YOUR INSTRUCTIONS ▸
With pictures excluded, retype exactly every line from the one containing "Smiling Student" to the end of the records below.

INFORMATION GIVEN ▸
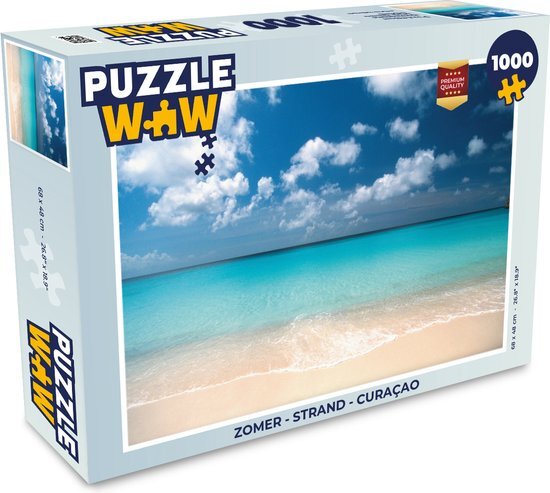 MuchoWow Puzzel Zomer - Strand - Curaçao - Legpuzzel - Puzzel 1000 stukjes volwassenen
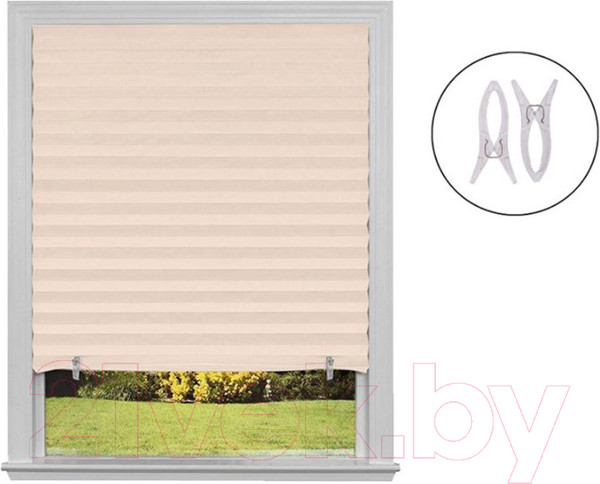 Изображение товара Штора-плиссе Рыжий кот Skandi Самоклеящаяся 90x180 / 106246 (бежевый)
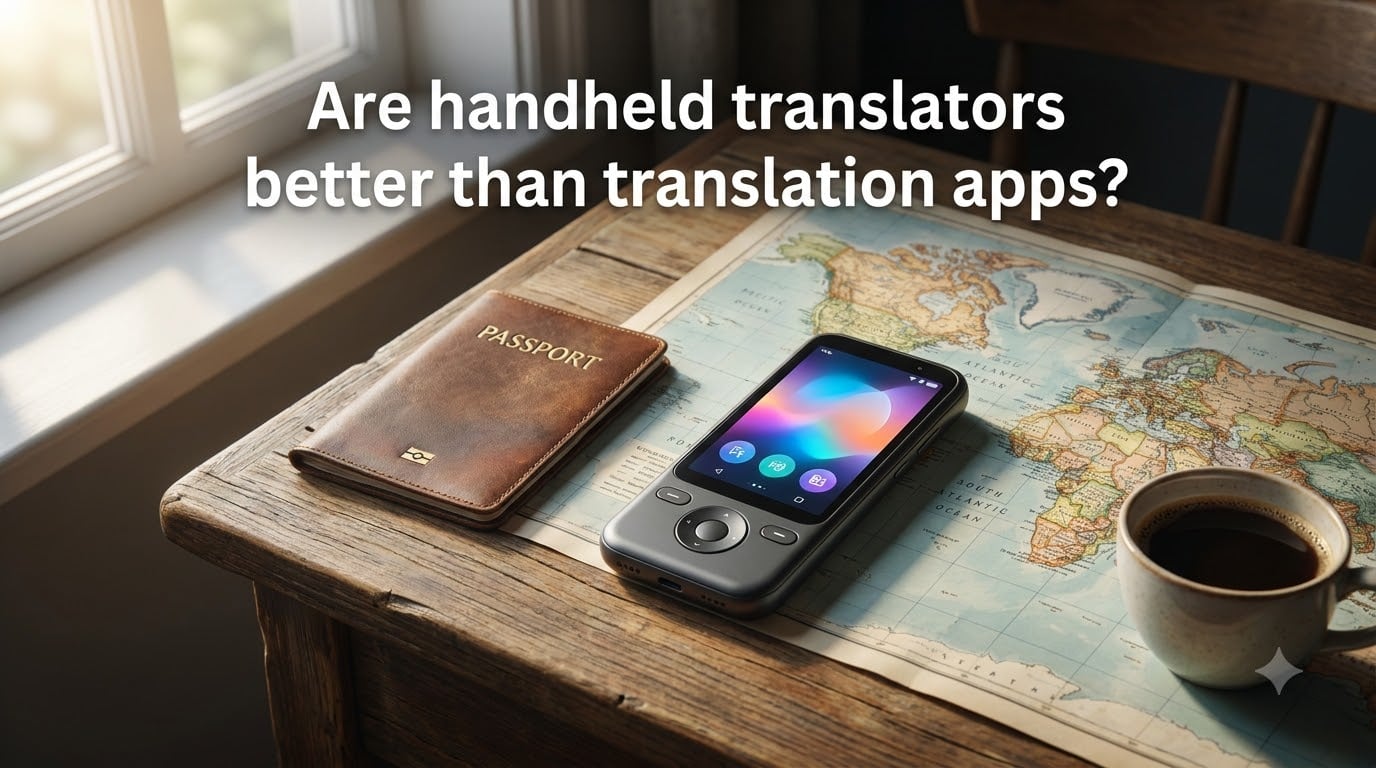 Are handheld translators better than translation apps?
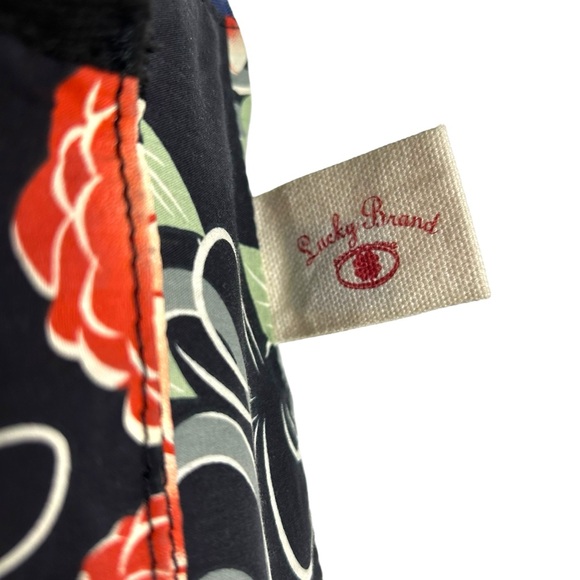 Lucky Brand Leather Suede shoulder hobo handbag Lined pockets Purple lavender - Picture 7 of 8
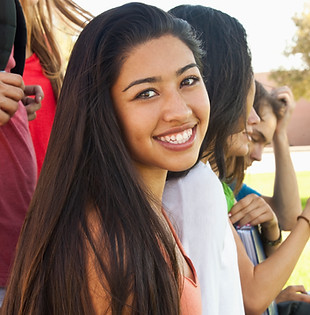 Smiling Student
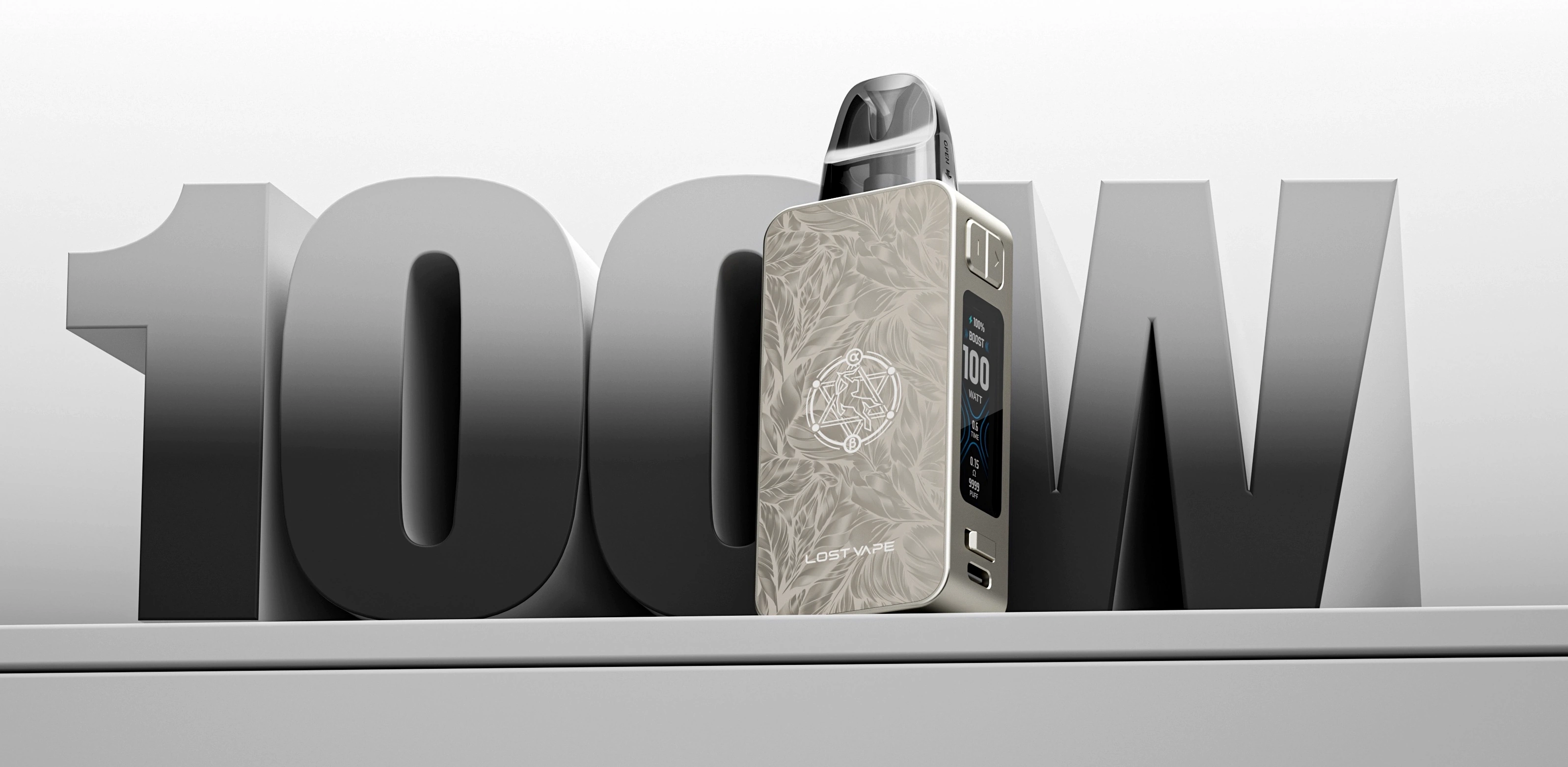 Kit Centaurus PM100 Lost Vape, illustration puissance 100W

RESULT FOR THIS TASK ▸
 Smiling Student
 Kit Centaurus PM100 Lost Vape, illustration puissance 100W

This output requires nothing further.